La quête permanente du sacré et de l’absolu
En tant que marxiste je vois le monde sous un angle sacré
Je me considère comme un marxiste au sens premier, et je ne perçois aucune contradiction entre cette vision et le concept fondamental de l’amour chrétien. Le problème naît plutôt de ce fait que l’Église, dans le monde d’aujourd’hui, est essentiellement non chrétienne au sens originel. L’Église répand sans discernement l’idée de l’amour du prochain sans comprendre les raisons de l’amour, ni celles de la haine. Il me semble qu’entre autres droits, l’homme a celui de ne pas être aimé à la légère, il a le droit d’être aimé pour des raisons valables. De même, l’Église connaît la haine, car l’amour est passionné et se charge facilement en haine. C’est pourquoi l’Église nous donne des positions extrêmes, présentées sous forme rhétorique. Et nulle philosophie, nulle action, ne peuvent s’appuyer uniquement sur la rhétorique.

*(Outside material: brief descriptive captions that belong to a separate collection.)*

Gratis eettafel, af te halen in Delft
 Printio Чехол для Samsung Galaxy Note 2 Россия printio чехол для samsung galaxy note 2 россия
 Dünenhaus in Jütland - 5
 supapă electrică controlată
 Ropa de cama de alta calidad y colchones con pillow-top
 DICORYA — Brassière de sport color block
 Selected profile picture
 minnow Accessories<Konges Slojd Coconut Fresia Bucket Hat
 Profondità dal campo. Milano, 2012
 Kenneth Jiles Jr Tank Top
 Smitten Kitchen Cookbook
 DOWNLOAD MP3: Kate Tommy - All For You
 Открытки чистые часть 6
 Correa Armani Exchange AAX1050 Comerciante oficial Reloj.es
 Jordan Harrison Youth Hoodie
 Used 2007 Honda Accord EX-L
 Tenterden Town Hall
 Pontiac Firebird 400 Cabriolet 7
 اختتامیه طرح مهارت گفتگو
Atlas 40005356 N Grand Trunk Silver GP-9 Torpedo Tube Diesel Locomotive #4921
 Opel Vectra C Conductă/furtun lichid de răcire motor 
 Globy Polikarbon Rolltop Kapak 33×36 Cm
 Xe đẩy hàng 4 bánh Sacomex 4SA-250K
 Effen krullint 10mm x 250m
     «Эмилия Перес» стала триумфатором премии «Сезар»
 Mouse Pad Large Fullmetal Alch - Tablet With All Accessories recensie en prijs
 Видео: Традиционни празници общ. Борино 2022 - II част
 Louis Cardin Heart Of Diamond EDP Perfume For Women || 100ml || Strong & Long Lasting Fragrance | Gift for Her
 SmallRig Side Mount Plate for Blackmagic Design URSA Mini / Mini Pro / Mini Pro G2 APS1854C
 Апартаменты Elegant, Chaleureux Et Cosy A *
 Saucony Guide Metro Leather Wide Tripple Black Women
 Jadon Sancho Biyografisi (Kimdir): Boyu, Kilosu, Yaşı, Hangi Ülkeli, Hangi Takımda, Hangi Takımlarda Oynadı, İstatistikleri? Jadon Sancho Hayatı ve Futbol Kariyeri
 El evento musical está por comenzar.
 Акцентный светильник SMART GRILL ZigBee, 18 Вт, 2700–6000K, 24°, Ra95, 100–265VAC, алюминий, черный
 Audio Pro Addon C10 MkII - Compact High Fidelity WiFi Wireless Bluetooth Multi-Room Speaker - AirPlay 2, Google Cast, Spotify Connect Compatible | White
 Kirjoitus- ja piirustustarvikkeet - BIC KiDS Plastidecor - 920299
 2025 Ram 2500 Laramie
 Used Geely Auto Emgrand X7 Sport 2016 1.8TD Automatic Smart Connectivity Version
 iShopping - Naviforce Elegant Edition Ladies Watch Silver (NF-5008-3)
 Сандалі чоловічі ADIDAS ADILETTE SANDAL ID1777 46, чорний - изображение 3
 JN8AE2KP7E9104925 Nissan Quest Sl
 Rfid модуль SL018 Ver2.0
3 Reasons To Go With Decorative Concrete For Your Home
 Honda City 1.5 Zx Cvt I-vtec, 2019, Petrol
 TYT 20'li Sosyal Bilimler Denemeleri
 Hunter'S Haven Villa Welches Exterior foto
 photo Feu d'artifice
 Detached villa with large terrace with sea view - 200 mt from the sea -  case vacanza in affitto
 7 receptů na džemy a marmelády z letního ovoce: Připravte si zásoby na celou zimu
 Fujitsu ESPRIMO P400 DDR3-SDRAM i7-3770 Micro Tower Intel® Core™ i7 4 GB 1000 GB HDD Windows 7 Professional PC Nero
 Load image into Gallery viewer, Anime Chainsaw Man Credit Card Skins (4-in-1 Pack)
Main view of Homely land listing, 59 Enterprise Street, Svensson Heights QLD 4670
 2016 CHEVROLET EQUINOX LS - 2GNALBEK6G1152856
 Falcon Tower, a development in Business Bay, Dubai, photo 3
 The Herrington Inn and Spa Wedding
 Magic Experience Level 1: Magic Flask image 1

En réalité, il me semble que je suis le moins catholique de tous ceux qui, à ce moment, participent à la culture italienne - je ne viens pas d’un milieu catholique - je n’ai jamais été confirmé. À quatorze ans, je me suis mis à lire Dostoïevski et Shakespeare et je n’ai, depuis, lu aucune œuvre religieuse, si ce n’est purement et simplement l’Évangile. J’aime les habitudes religieuses des paysans, les vêpres et les carillons d’église, mais quel est le rapport entre tout ceci et le catholicisme ? D’ailleurs, c’est l’influence de ces mêmes paysans - mineurs qui menaient des grèves au début de l’après-guerre - qui a fait de moi un communiste et depuis, ma ligne intellectuelle, mes lectures ont été marxistes.
Pierre Paolo Pasolini, "Les Lettres Françaises", 23 Septembre 1965.